:: What you should do ::
Within the entries below, please return exactly the lines from the one with "PHOTO: A soldier" through the one with "People walk the", leaving out any pictures.

:: Supplied records ::
- Opening Delimiter -

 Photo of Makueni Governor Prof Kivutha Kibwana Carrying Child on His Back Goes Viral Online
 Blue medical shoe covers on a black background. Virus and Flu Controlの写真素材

- Closing Delimiter -
- Opening Delimiter -

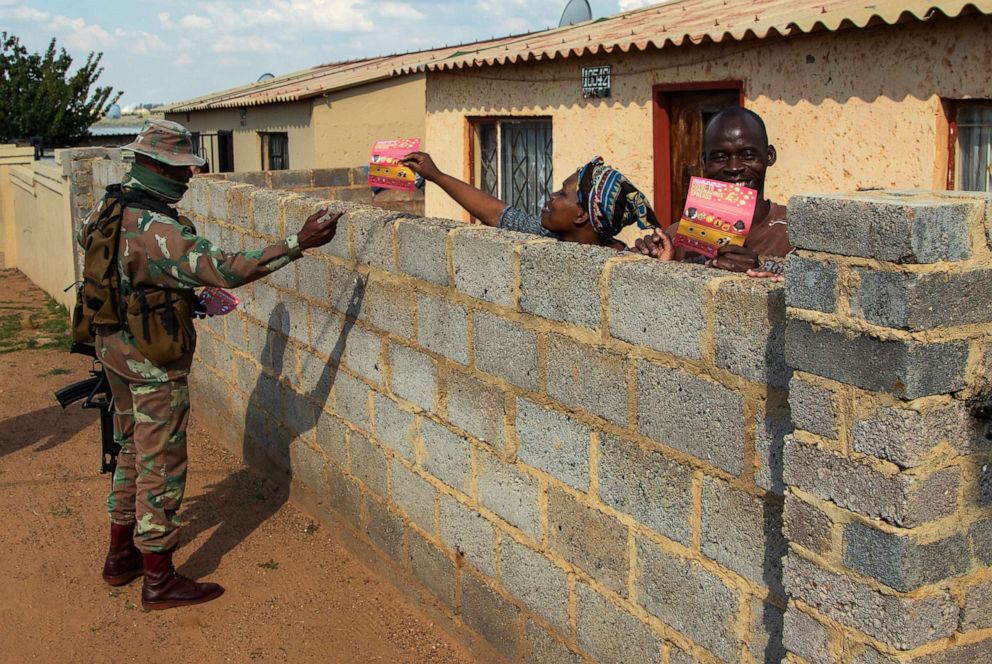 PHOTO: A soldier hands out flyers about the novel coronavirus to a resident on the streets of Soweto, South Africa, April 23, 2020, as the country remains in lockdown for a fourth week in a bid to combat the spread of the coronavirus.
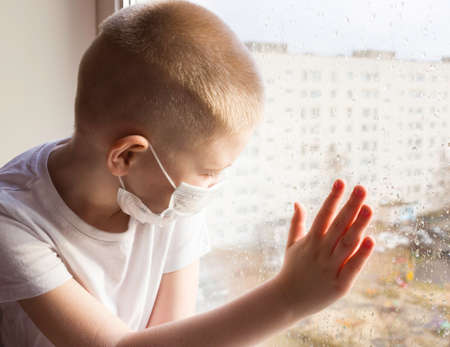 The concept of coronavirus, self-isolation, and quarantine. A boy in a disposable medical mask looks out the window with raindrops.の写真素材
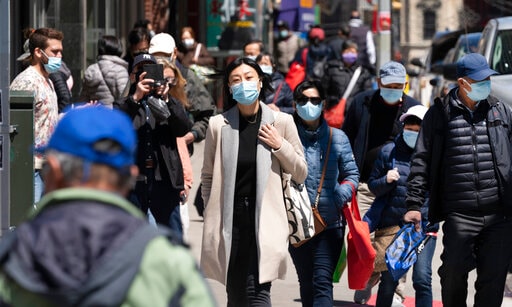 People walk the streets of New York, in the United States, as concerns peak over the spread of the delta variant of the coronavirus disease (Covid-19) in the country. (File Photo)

- Closing Delimiter -
- Opening Delimiter -

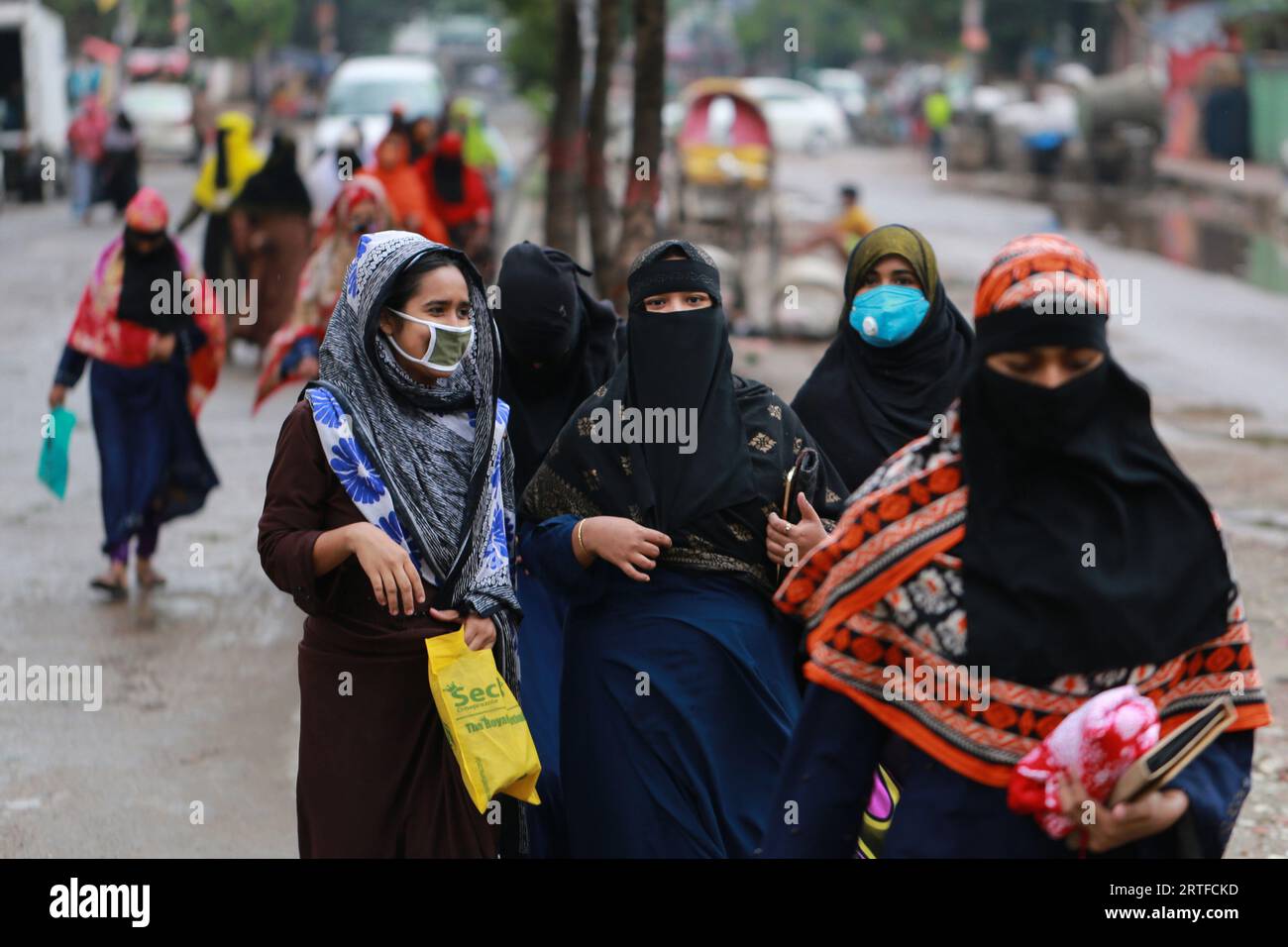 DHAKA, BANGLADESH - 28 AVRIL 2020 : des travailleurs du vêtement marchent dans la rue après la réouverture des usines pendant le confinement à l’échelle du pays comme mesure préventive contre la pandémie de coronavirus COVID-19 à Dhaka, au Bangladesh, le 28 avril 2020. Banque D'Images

- Closing Delimiter -

:: Response box ::
 PHOTO: A soldier hands out flyers about the novel coronavirus to a resident on the streets of Soweto, South Africa, April 23, 2020, as the country remains in lockdown for a fourth week in a bid to combat the spread of the coronavirus.
 The concept of coronavirus, self-isolation, and quarantine. A boy in a disposable medical mask looks out the window with raindrops.の写真素材
 People walk the streets of New York, in the United States, as concerns peak over the spread of the delta variant of the coronavirus disease (Covid-19) in the country. (File Photo)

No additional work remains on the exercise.